### Prompt:
All lines from the one that contains "Heather McComb and" to the end of the data must be retyped exactly. Pictures are not retyped.

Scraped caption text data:
- Opening Delimiter -

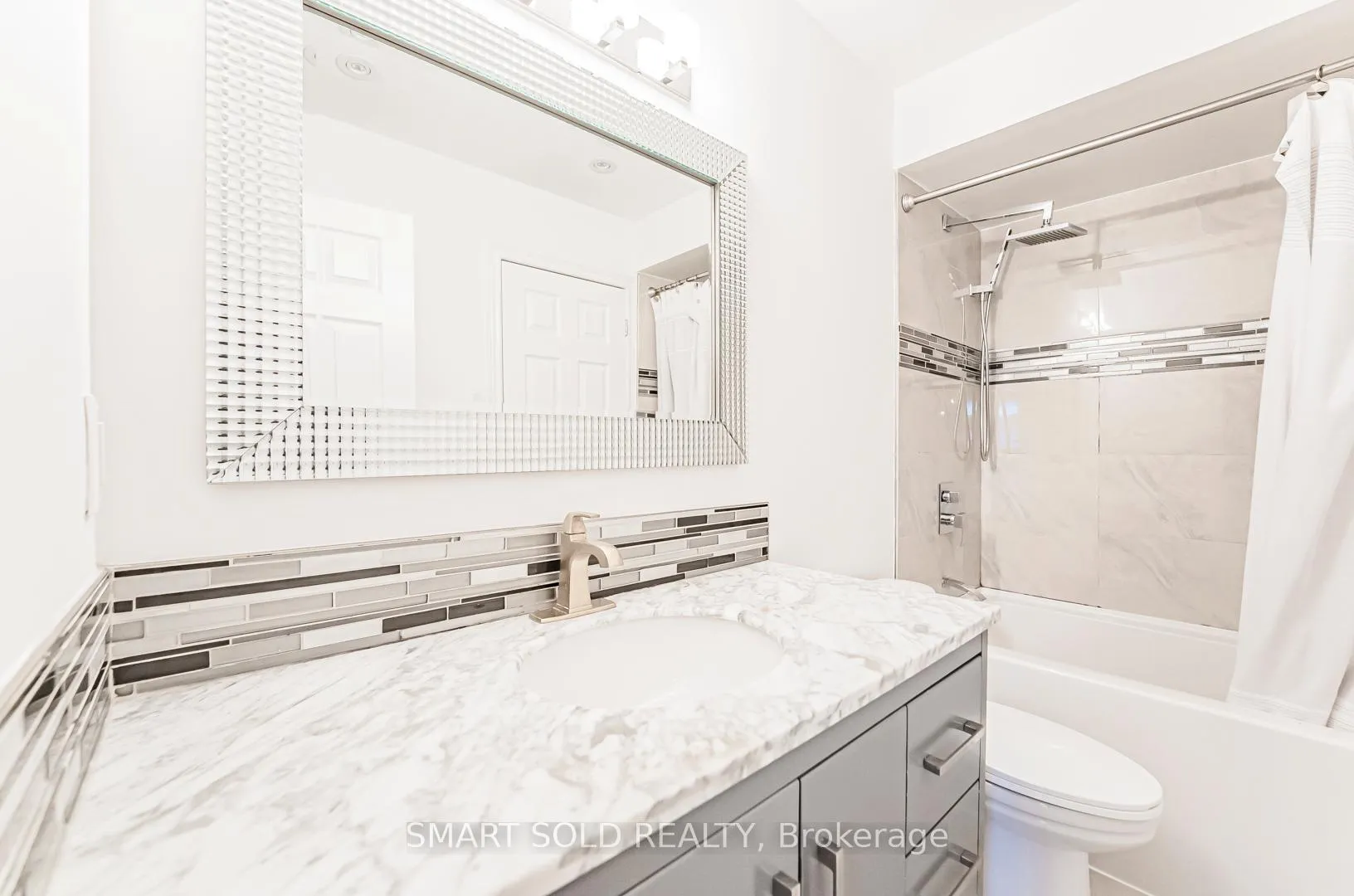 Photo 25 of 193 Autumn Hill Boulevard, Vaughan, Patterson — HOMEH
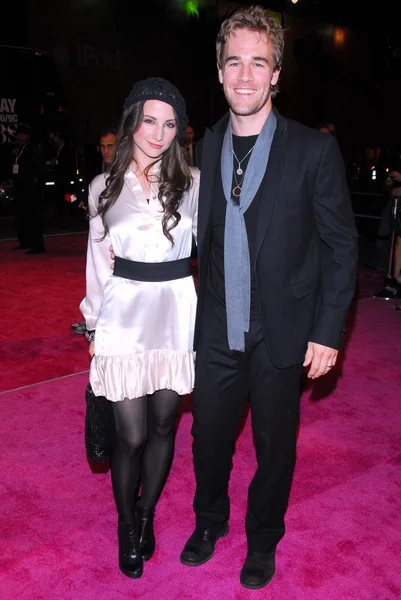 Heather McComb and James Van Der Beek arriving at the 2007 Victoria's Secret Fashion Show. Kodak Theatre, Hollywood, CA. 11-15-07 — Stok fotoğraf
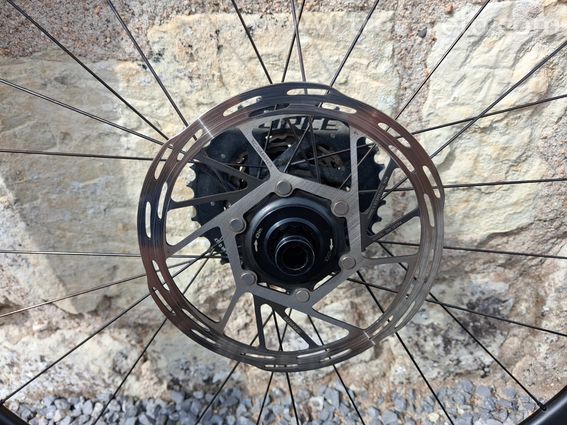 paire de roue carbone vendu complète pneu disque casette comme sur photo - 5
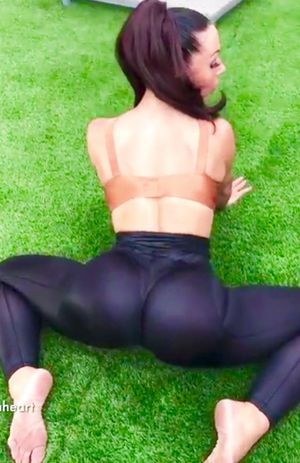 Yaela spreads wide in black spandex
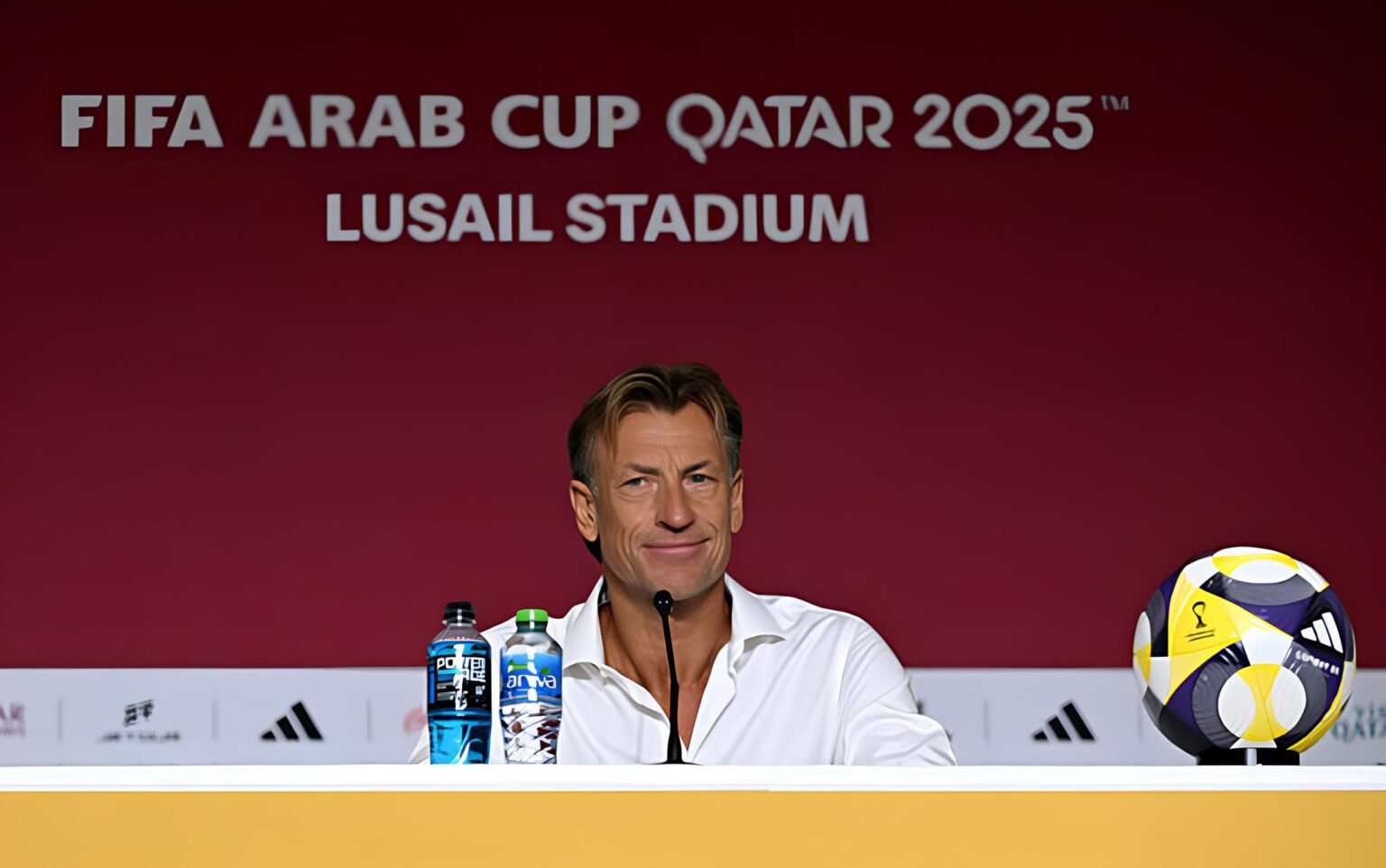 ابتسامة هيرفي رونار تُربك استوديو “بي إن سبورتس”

- Closing Delimiter -

### Result of the exercise:
 Heather McComb and James Van Der Beek arriving at the 2007 Victoria's Secret Fashion Show. Kodak Theatre, Hollywood, CA. 11-15-07 — Stok fotoğraf
 paire de roue carbone vendu complète pneu disque casette comme sur photo - 5
 Yaela spreads wide in black spandex
 ابتسامة هيرفي رونار تُربك استوديو “بي إن سبورتس”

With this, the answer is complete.